I na mnie przyszla kolej/kolizja

Tu możecie podzielić się uwagami lub wątpliwościami związanymi z poruszaniem się na drogach

Moderatorzy: dylek, ella, klebek

I na mnie przyszla kolej/kolizja

Postprzez Sławek_18 » piątek 22 kwietnia 2005, 21:33

Miejsce krakow ul. Bienczycka (na przeciwko tomex-u)
Uczestnicy : Omega oraz Megane
Omega zjechala na lewy pas(cos stalo na prawym). Kierowca reno zaczal hamowac wiec i omega wcisnal hamowac. W omedze nie mial kiedy szczelic przewod hamulcowy tylko podczas hamowania, wiec nici z tego hamowania.
Omega uderzyla lewym rogiem w tył megana.

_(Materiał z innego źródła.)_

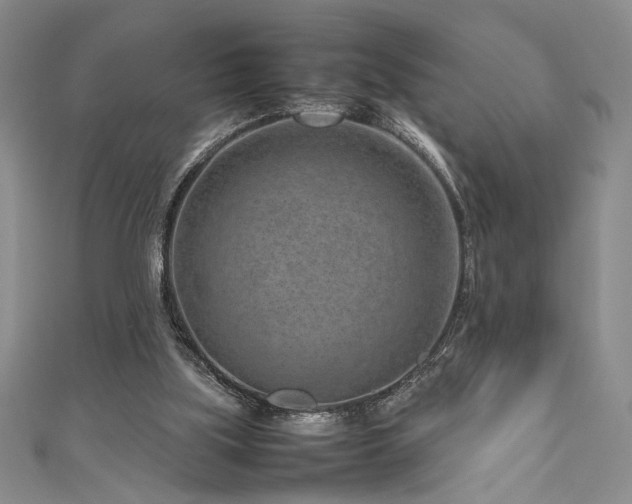 X0000111190059200907011420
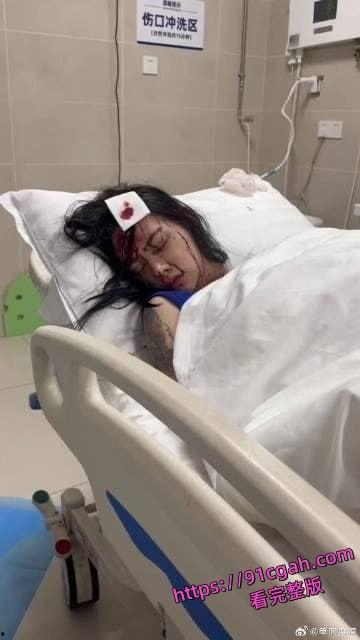 闺蜜当场破防持刀自残!一句“我有你出轨视频”引爆惊天大瓜-6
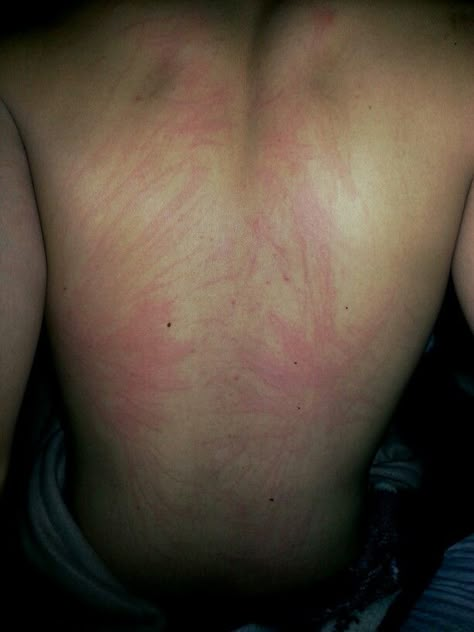 scratch marks ♡ Claw Marks On Back, Scratching Boyfriend Back, Back Scratches From Nails Boyfriend, Back Claw Marks Aesthetic, Aggressive Hand Placement Boyfriend, Nails Scratching On Back Couple Pic, Nails Scratching On Back Couple, Nail Marks On Back, Scratched Back From Nails Men Aesthetic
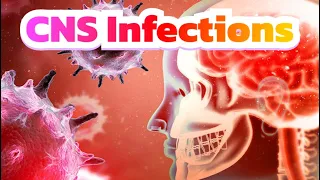 Meningitis and CNS Infections (updated 2023) - CRASH! Medical Review Series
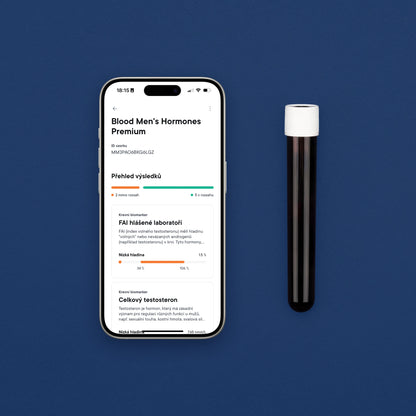 Mužské hormony Krevní test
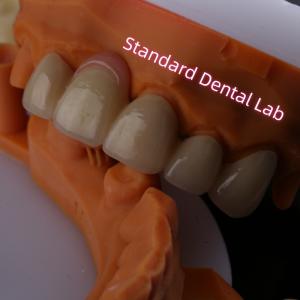 Quality Highly Biocompatible PFZ Porcelain Layered Zirconia With Pink Gum wholesale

Kierowca omegi probowal uciec w prawo dlatego zniszczyl sobie lewa lampe i troche przesunal nadkole.
Kierowca meganki wyskoczyl zobaczyl swoja szkode calkowita, pomyslal no to pieknie auto do kasacji Łapie za telefon i juz zadzwonil zarzadal policji. No to ucieszony, ze szybko przyjada czekamy, czekamy. W tym czasie nie dal sie namowic na spisanie notatki nawet przez kolesia z pomocy drogowej.
No i czekamy, czekamy. Hura policja przyjechala po niecalych 3 godzinkach.
Koles juz zmarzl bo wlaczyl sobie dmuchawe :twisted: . No to nic. Badnie %,
200 zł. mandat, 6 pkt. karnych I wymarzniecie przez prawie 3 godzin na polu a i holowanie 50zł.

http://centrume.krakow.pl/~chatman/Imag ... sacja1.jpg
http://centrume.krakow.pl/~chatman/Imag ... sacja2.jpg


Rozmyslenia: Moglem uciekac w lewo na trawnik z torami tramwajowymi (chociaz wysokie to to było)
Zaciagniecie recznego nic by pewnie nie dalo bo reczny tez slaby.
Dobrze, ze w dupe samochodu a nie jakiemus pieszemy :shock: :shock:

Ogolnie to nie rozumiem koles zachowywal sie jakby mu kurde konia ukradl czy ki *uj Odjechal bez zadnego me ani be. Nawet dowidzenia nie powiedzial. No przeciez to nie jest jakis kurde niewiadomo co, zdarzenie to zdarzenie.

No dobra nie zanudzam Was. POzdro.
******************
Prawo Jazdy na C uzyskane: 20-10-04
Ilość egzaminów: sztuk 1
Prawo jazdy na B uzyskane: 08-02-02
Ilość egzaminów: sztuk 1
Prawo Jazdy na C-E uzyskane: 23.04.2008
Ilość egzaminów: sztuk 3
Avatar użytkownika
Sławek_18
 
Posty: 2817
Dołączył(a): piątek 05 lipca 2002, 15:51
Lokalizacja: Kraków

Postprzez ella » piątek 22 kwietnia 2005, 21:55

Kierowca meganki wyskoczyl zobaczyl swoja szkode calkowita, pomyslal no to pieknie auto do kasacji

Do jakiej kasacji???
Na zdjęciach widać tylko niewielkie uszkodzenia.
Masz rację dobrze, że to nie stało się na przejściu dla pieszych, gdzie pewnie zatrzymałbyś się na kimś a nie na czymś.
A gdzie fotki Twojego samochodu? :wink:
Avatar użytkownika
ella
Moderator
 
Posty: 7793
Dołączył(a): poniedziałek 24 listopada 2003, 12:14
Lokalizacja: Warszawa

Postprzez Sławek_18 » piątek 22 kwietnia 2005, 22:06

a Moj to naprawde do kasacji :) jakbyscie zobaczyli przed tej omegi to byscie sie wystraszyli bo po zadnej kolizji nie byl klepany tylko naprawiane to co trzeba :) :)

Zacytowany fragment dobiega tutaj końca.